Animali tratti in salvo dai carabinieri della provincia di Caserta

CASERTA – In questi giorni è stata posta in essere una campagna di controlli volti alla prevenzione e

repressione dei reati in danno della fauna protetta autoctona, esotica ed in via di estinzione
(C.I.T.E.S.), sul territorio delle province di Caserta e Napoli, da parte dei Carabinieri
Forestali appartenenti al Reparto Operativo S.O.A.R.D.A. (Sezione Operativa
Antibracconaggio e Reati in Danno degli Animali) di Roma, del Nucleo CITES di Napoli, e
della Stazione Carabinieri Forestale di Marcianise.

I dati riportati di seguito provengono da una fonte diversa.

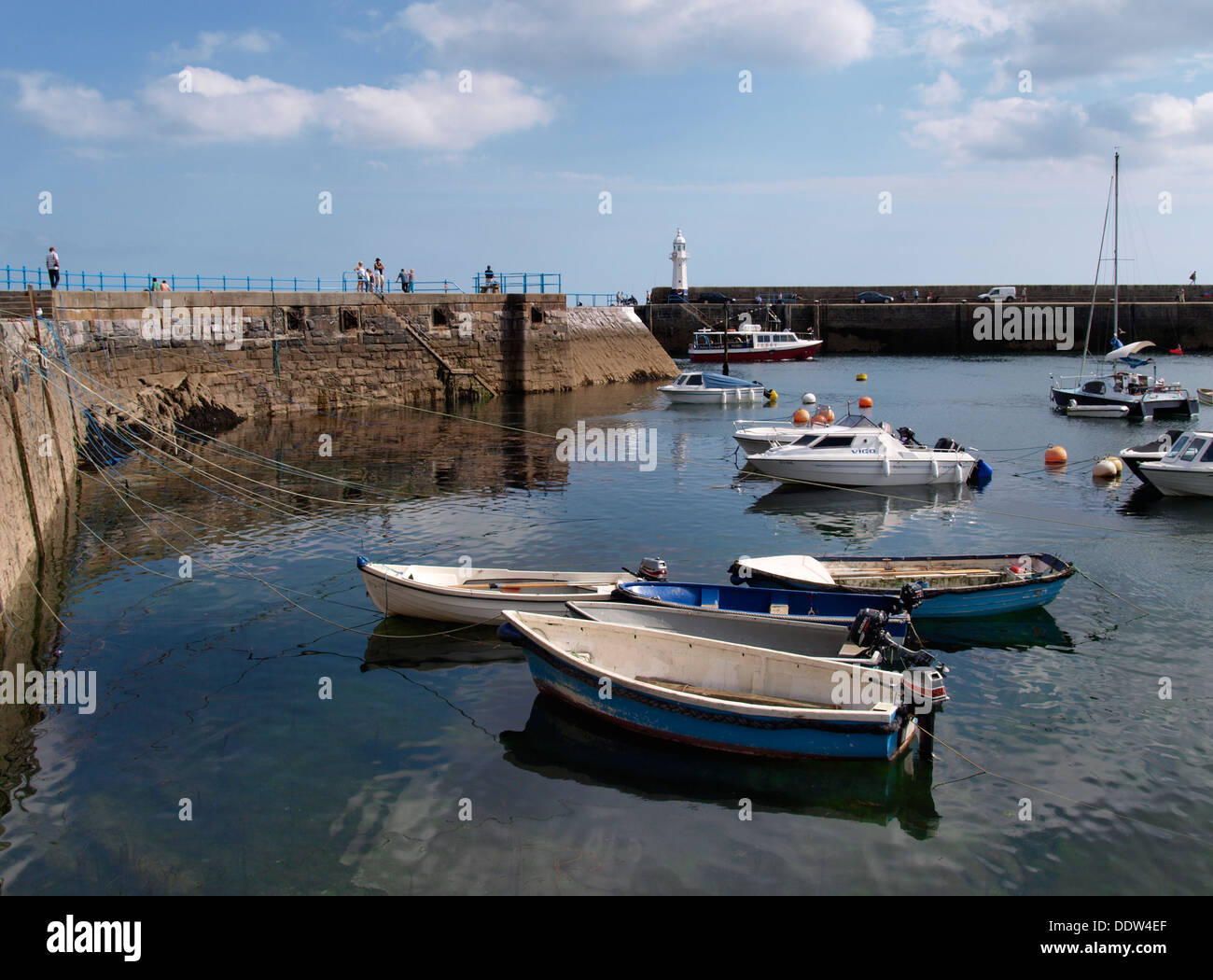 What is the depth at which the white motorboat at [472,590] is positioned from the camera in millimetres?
16188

In comune di Recale (CE), presso l’abitazione di un privato, in cui è stata accertata la
detenzione dei seguenti esemplari vivi di fauna protetta senza le prescritte
documentazioni giustificative: nr. 18 esemplari di diverse specie di fauna protetta; nr.
14 tartarughe Hermanni, nr. 4 Civette, nr. 1 Cornacchia e nr. 1 Assiolo, affidati al centro
recupero animali selvatici “Frullone” dell’ASL NA1.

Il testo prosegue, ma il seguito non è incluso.